JEFFREY Holland laughs about linking two of the UK’s favourite TV sitcoms of all time, Dad’s Army and Hi-de-Hi, as a result of taking a starring role in classic theatre mystery The Ghost Train, which opens a two-play summer thriller season at Darlington Civic next week.

“The Ghost Train was famously written by Arnold Ridley in 1923, who was in Dad’s Army as Private Godfrey. I met him when I joined the cast of the theatre tour of Dad’s Army in 1976 and played various roles including that of Private Walker,” says Holland, who has been delighted that his Hi-de-Hi role of Spike Dixon has enjoyed a repeat run on BBC in the past few months.

“I know that Arnold was proud of his play and was the most successful one he wrote. And it still works 90 years on.
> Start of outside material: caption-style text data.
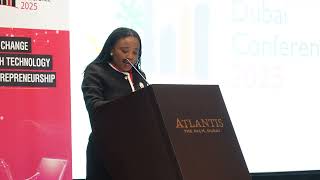 Unicaf Conference 2025 | Essay Winner Cecilia Adzo Kadeh: How Unicaf Has Changed My Life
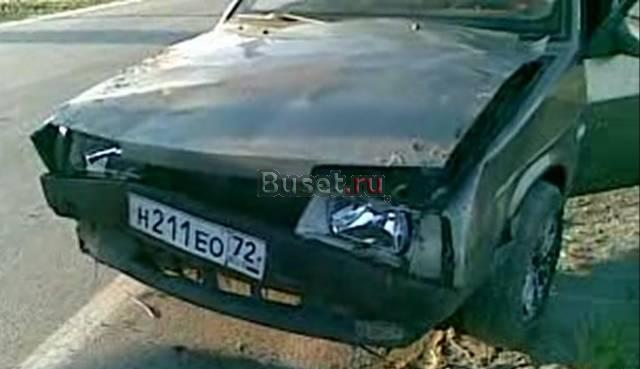 ВАЗ 21099, 2000 Тюмень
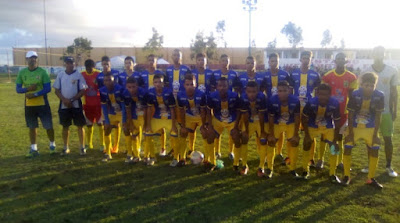 SUB-16: Confira os resultados dos jogos do grupo A
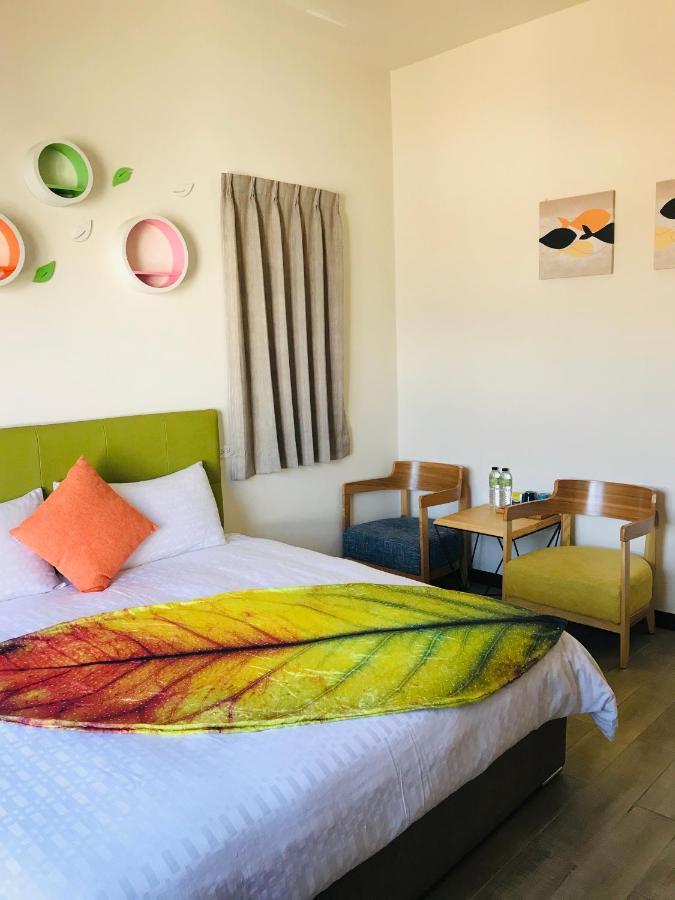 Apartament Ba Ba Xiao Wu 2 Jinning Zewnętrze zdjęcie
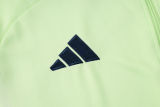 2025/26 RM Light Green Jacket Tracksuit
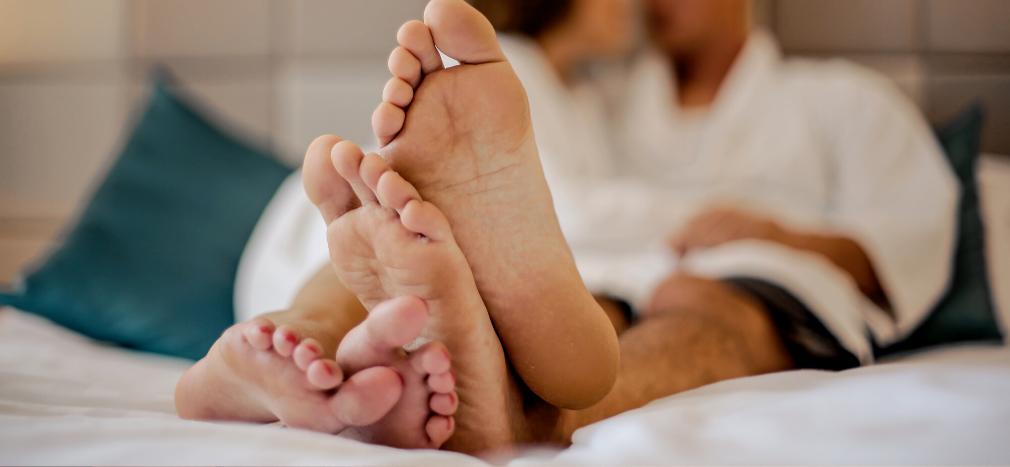Foot Reading with Reflexology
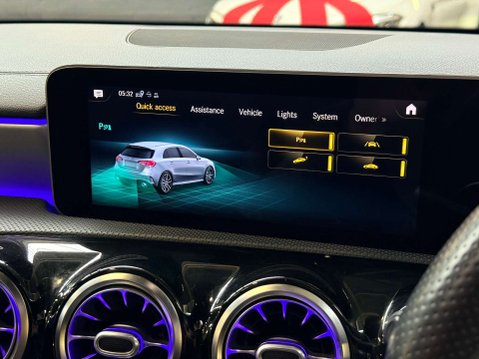 Mercedes-Benz A Class 2.0 AMG A 35 4Matic Premium+ Auto 4WD 5dr 29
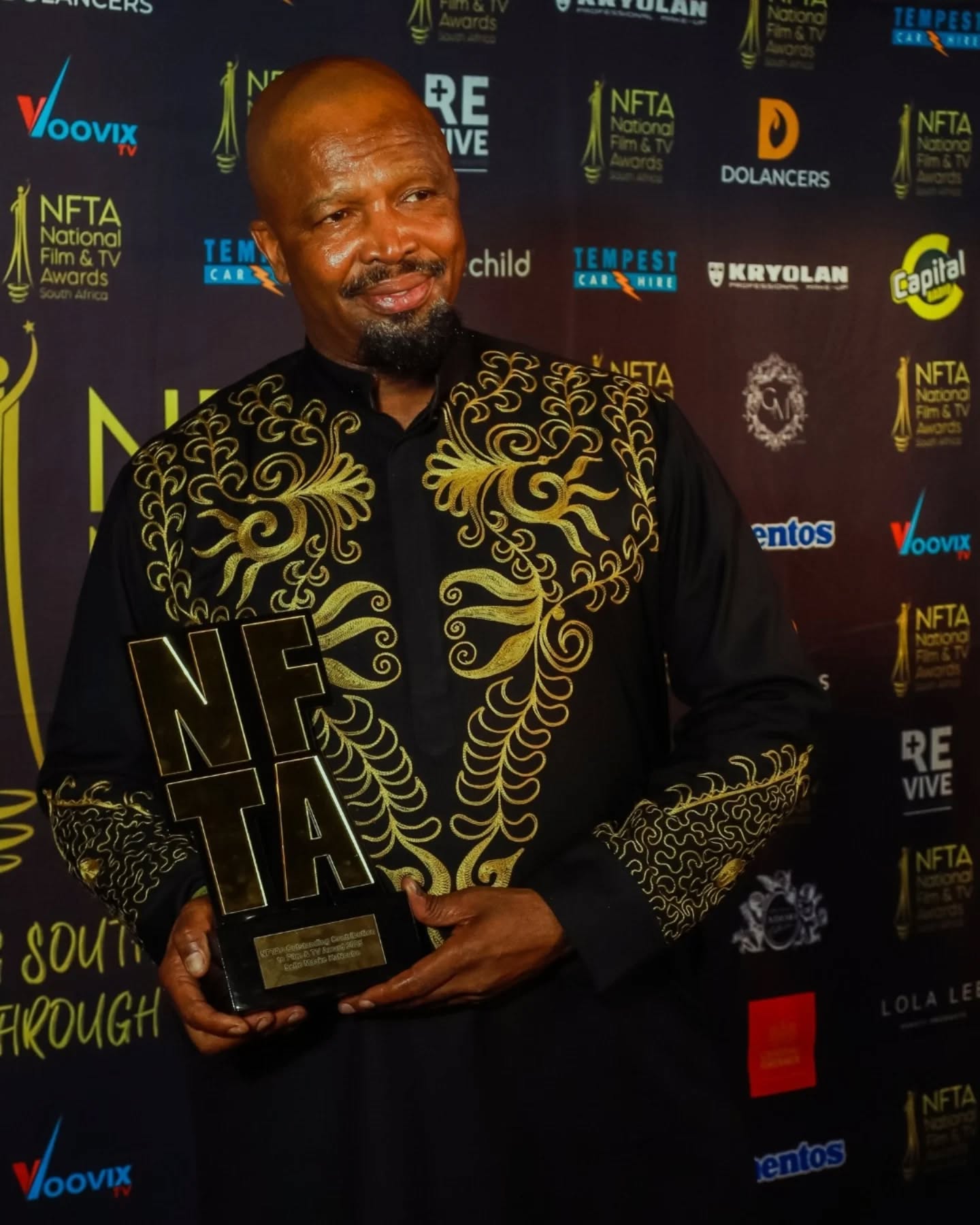 Sello Maake KaNcube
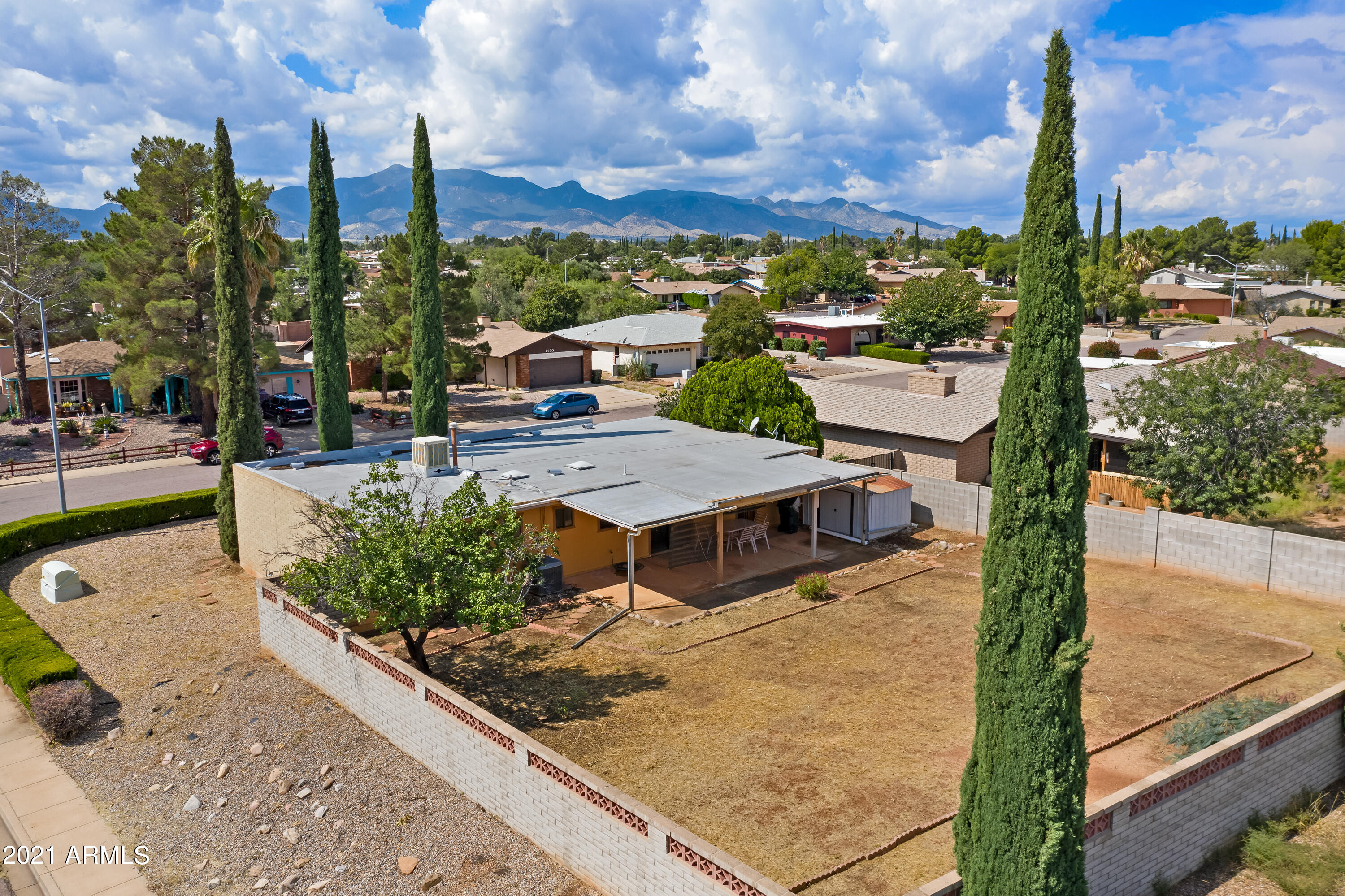 TRACT UNIT 110 - Residential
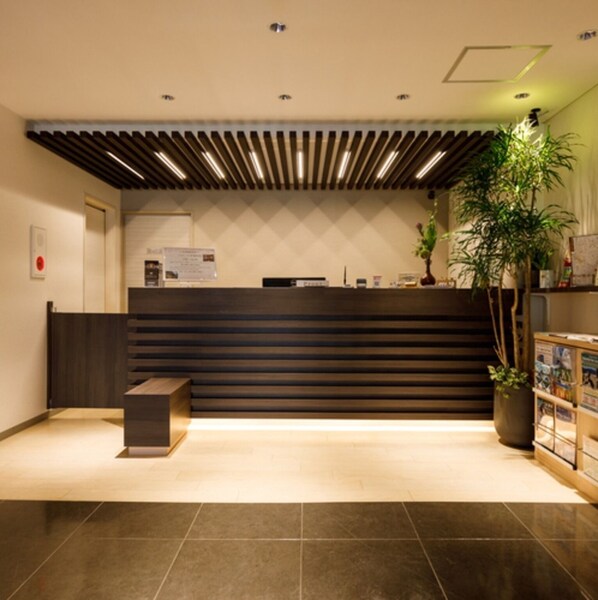 Lobby - Nonsmoking Design twin 2 double beds Room wi / Kanazawa Ishikawa (Kanazawa)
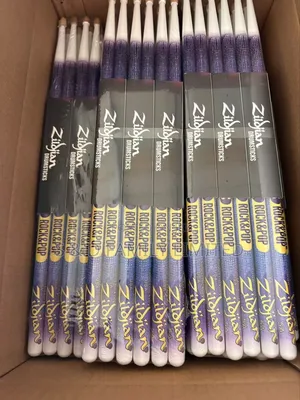 Zildjian Colorful Drumsticks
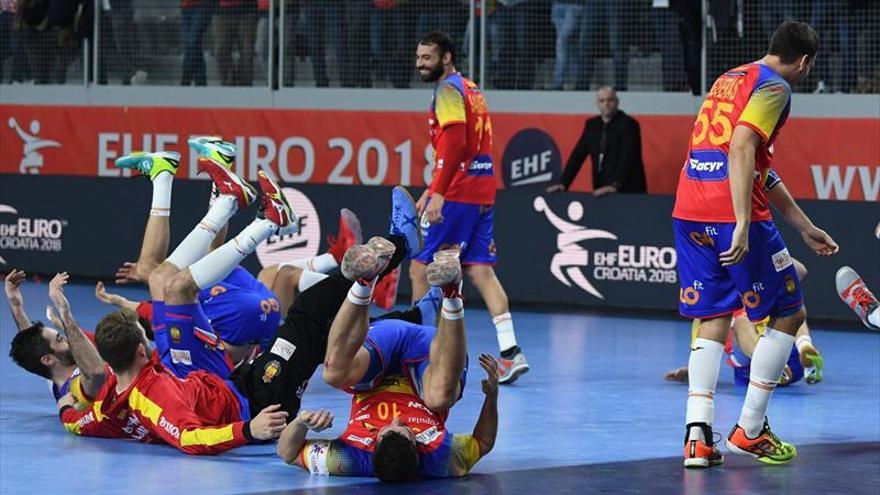 España se cruza hoy con la poderosa Francia de Karabatic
There have been quite a few versions (including TV, film and radio), but the best way to start is to be truthful to the script.

“Arnold wrote this as a serious thriller and you have to put your tongue a bit in your cheek here because people don’t speak like that anymore. ‘I say, now look here, I’m deuced angry’. People don’t speak like that anymore except in this play. If you play it straight it works. There are so many thrills and spills in this play that you jump out of your seats two or three times. It really does work.

“There are a few gags in there which Arnold wrote in. The wrong way to do it is to send it up because it’s a period piece... and it’s easy to do because this is such a stylised piece,” says Holland.

Ridley used to hate that treatment of his work. “He couldn’t stand the fact that people sent up his play. We don’t and I think Arnold would be very proud of this production because we play it straight down the middle and all the jumps and bumps are in there, until there’s a nice twist right at the end.”

Holland plays the Station Master who sets the scene by warning a collection of stranded passengers that anyone who sets eyes on a ghostly train that haunts the remote line will face certain death.

“I tell the story of the terrible haunting following a terrible accident when people were killed. Then things transpire later which are all laid at the feet of the ghost story. So I play a grizzled old character Saul Hodgkin here, which I do with relish. I love this part and my wife, Judy Buxton, is also in the play and she plays the spinster and her character gets scared to death,” he says.

Modest Holland pays tribute to the production company and founders of Talking Scarlet Theatre, Patric Kearns and Jane Shakespeare, for a successful run of The Ghost Train, which ends its theatrical journey at Darlington.

“This has been going on since January and been a good block of work for the cast. I’m really looking forward to Darlington because we always stay in the same digs and we’ll have a few jolly evenings in their company. We love the town and are looking forward to this very much,” he says.

The actor isn’t aware of Darlington Civic’s reputation for ghosts and is intrigued to hear about reports of former owner Signor Pepi’s dog or figures of women being reported in the past.

“There does seem to be a white lady or a grey lady at older venues and it’s wonderful stuff. I think it’s great that we’re taking The Ghost Train to a haunted theatre, although I can tell you that we don’t tend to play jokes on each other about this,” says Holland.

After Hi-de-hi, he went on to star with Paul Shane and Su Pollard in a further David Croft and Jimmy Perry sitcom You Rang, MiLord? And and then Oh, Doctor Beeching!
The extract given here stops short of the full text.